Pictures with short captions
******
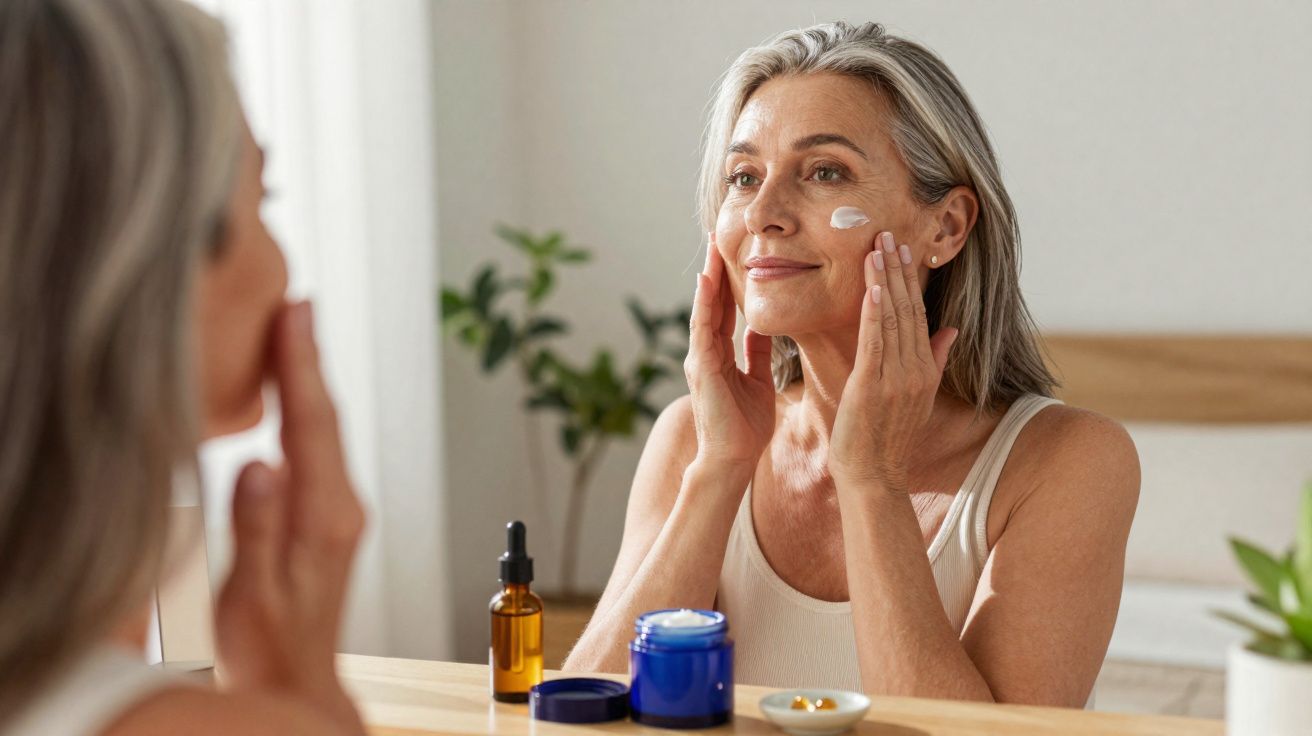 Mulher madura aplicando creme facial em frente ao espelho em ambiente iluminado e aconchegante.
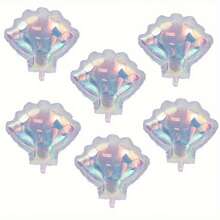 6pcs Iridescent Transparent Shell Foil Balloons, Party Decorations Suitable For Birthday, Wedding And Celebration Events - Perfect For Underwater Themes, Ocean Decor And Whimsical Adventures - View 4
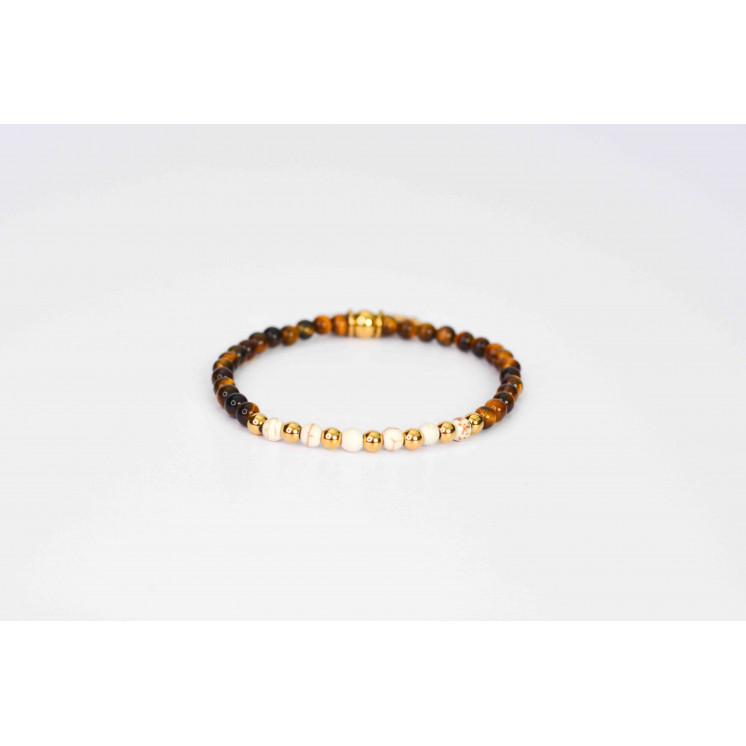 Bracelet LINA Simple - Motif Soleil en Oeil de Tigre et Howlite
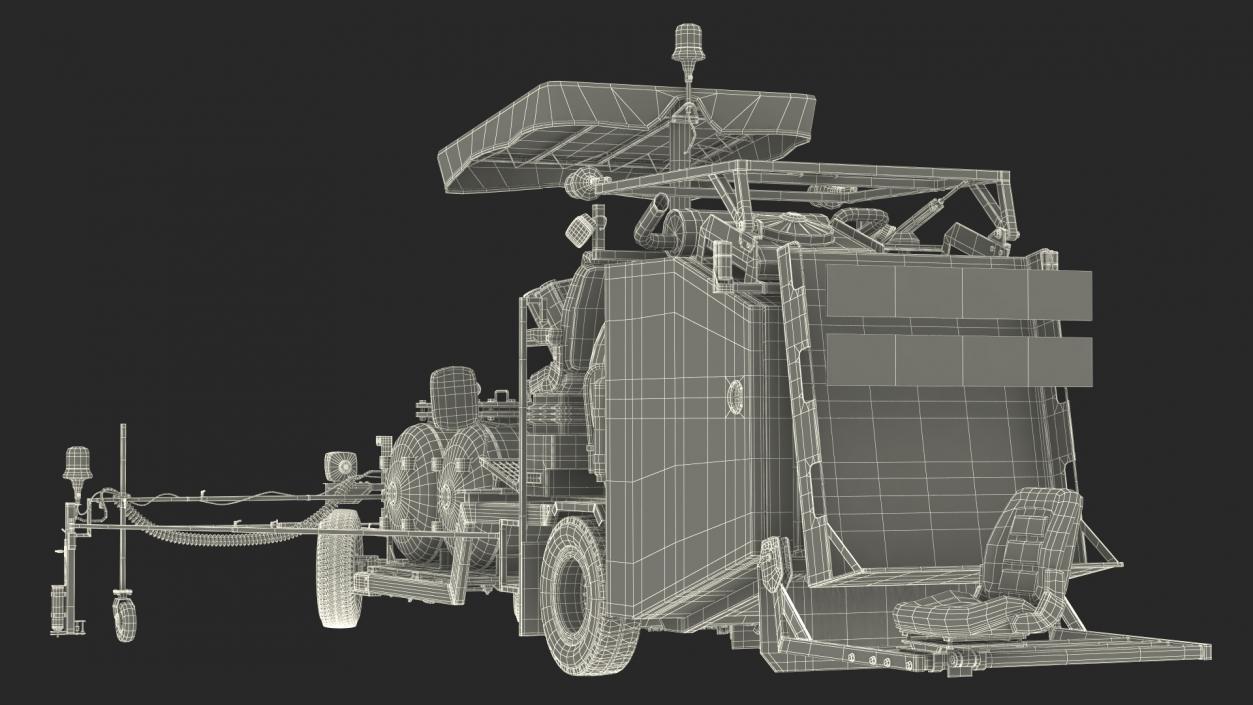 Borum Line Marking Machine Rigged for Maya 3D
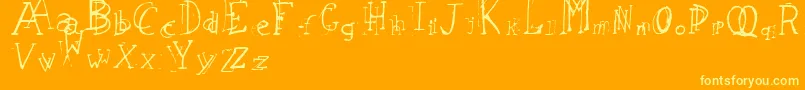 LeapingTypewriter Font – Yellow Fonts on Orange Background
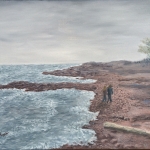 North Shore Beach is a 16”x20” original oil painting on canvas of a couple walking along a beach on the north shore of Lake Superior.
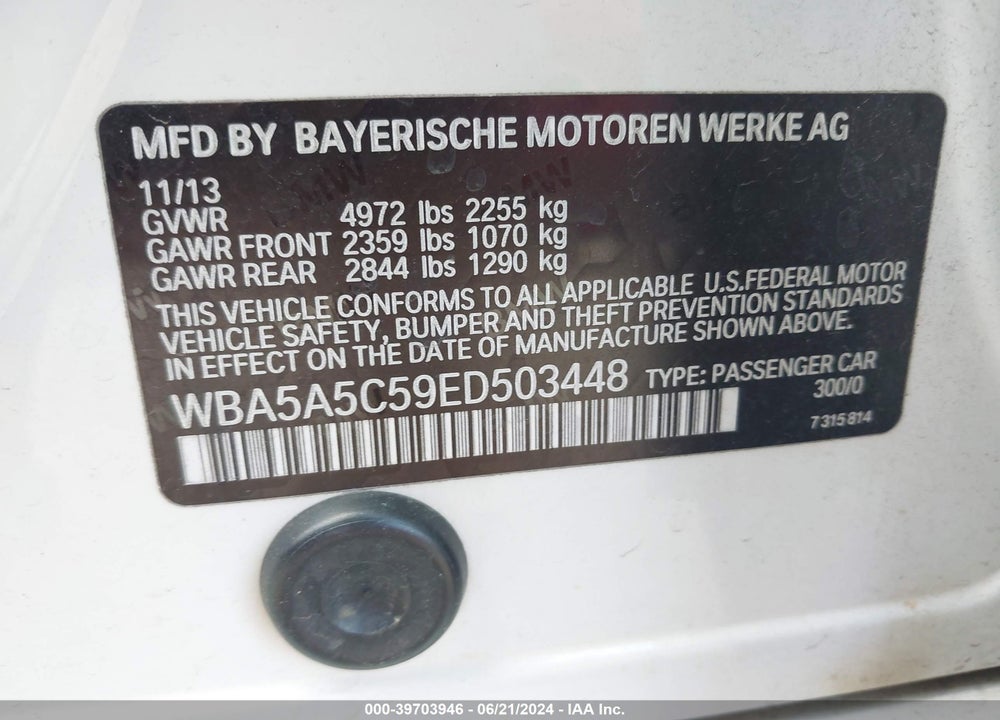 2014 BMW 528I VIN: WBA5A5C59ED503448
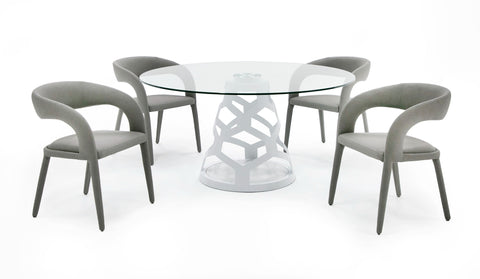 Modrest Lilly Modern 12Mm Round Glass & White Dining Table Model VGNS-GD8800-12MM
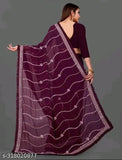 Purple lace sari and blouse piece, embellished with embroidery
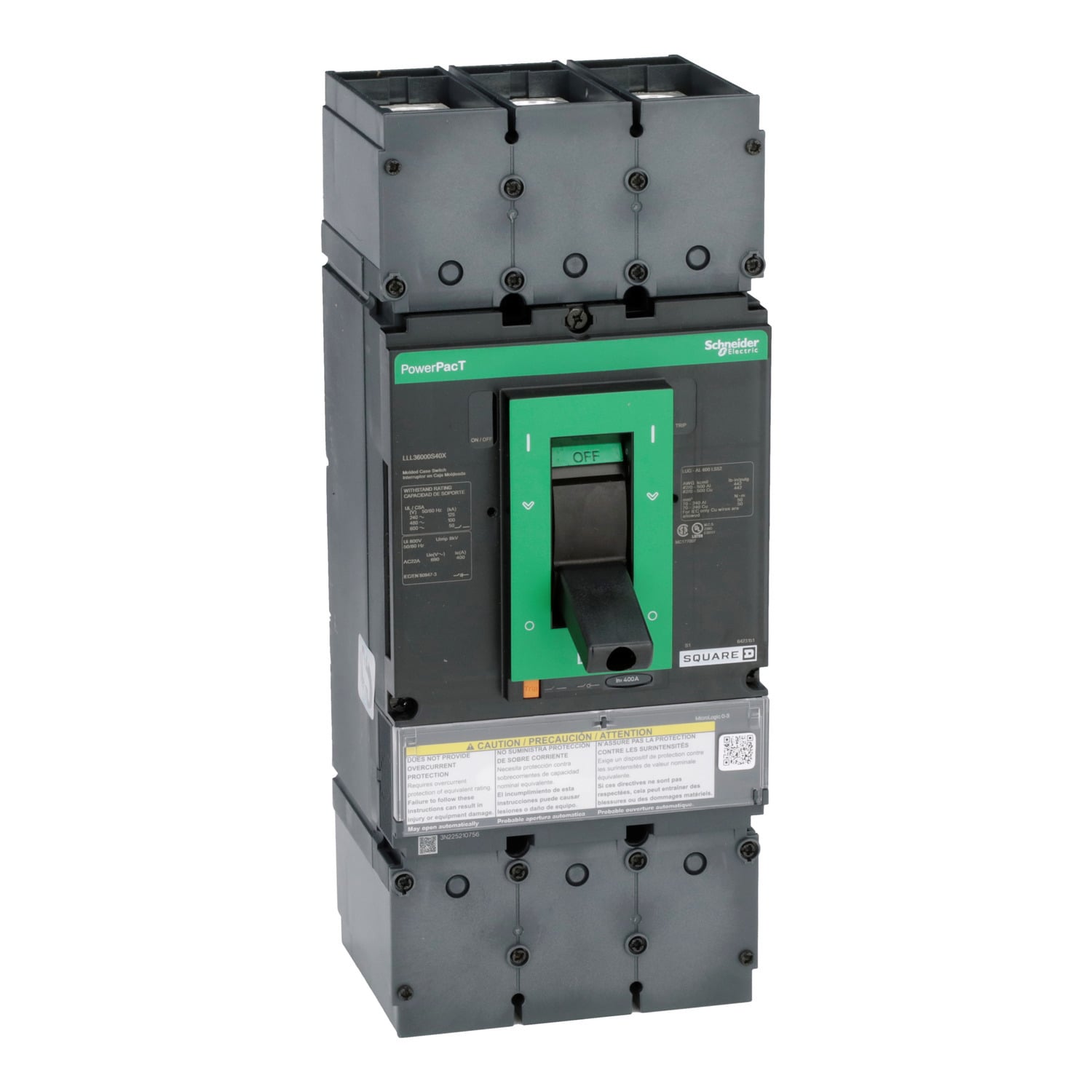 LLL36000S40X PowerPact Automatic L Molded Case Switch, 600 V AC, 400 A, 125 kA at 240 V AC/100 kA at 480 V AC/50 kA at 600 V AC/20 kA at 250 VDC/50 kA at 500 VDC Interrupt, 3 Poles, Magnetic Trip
******
What you need to do: Your reply should hold only the lines from the one that contains "Bracelet LINA Simple" through the last line of the records above, exact and complete, and no pictures.

Answer box:
 Bracelet LINA Simple - Motif Soleil en Oeil de Tigre et Howlite
 Borum Line Marking Machine Rigged for Maya 3D
 LeapingTypewriter Font – Yellow Fonts on Orange Background
 North Shore Beach is a 16”x20” original oil painting on canvas of a couple walking along a beach on the north shore of Lake Superior.
 2014 BMW 528I VIN: WBA5A5C59ED503448
 Modrest Lilly Modern 12Mm Round Glass & White Dining Table Model VGNS-GD8800-12MM
 Purple lace sari and blouse piece, embellished with embroidery
 LLL36000S40X PowerPact Automatic L Molded Case Switch, 600 V AC, 400 A, 125 kA at 240 V AC/100 kA at 480 V AC/50 kA at 600 V AC/20 kA at 250 VDC/50 kA at 500 VDC Interrupt, 3 Poles, Magnetic Trip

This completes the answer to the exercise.